(Stored dataset items)
──────────

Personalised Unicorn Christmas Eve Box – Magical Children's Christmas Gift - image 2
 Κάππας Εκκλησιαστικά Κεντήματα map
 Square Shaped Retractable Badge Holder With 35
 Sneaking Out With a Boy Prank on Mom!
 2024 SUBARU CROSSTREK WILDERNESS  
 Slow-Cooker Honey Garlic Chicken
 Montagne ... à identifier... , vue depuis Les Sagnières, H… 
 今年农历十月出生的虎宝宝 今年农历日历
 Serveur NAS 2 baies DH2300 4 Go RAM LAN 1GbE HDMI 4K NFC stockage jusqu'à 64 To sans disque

──────────

Each record above is to be given again without any change to its wording.

SOLUTION FOR THIS EXERCISE
Personalised Unicorn Christmas Eve Box – Magical Children's Christmas Gift - image 2
 Κάππας Εκκλησιαστικά Κεντήματα map
 Square Shaped Retractable Badge Holder With 35
 Sneaking Out With a Boy Prank on Mom!
 2024 SUBARU CROSSTREK WILDERNESS  
 Slow-Cooker Honey Garlic Chicken
 Montagne ... à identifier... , vue depuis Les Sagnières, H… 
 今年农历十月出生的虎宝宝 今年农历日历
 Serveur NAS 2 baies DH2300 4 Go RAM LAN 1GbE HDMI 4K NFC stockage jusqu'à 64 To sans disque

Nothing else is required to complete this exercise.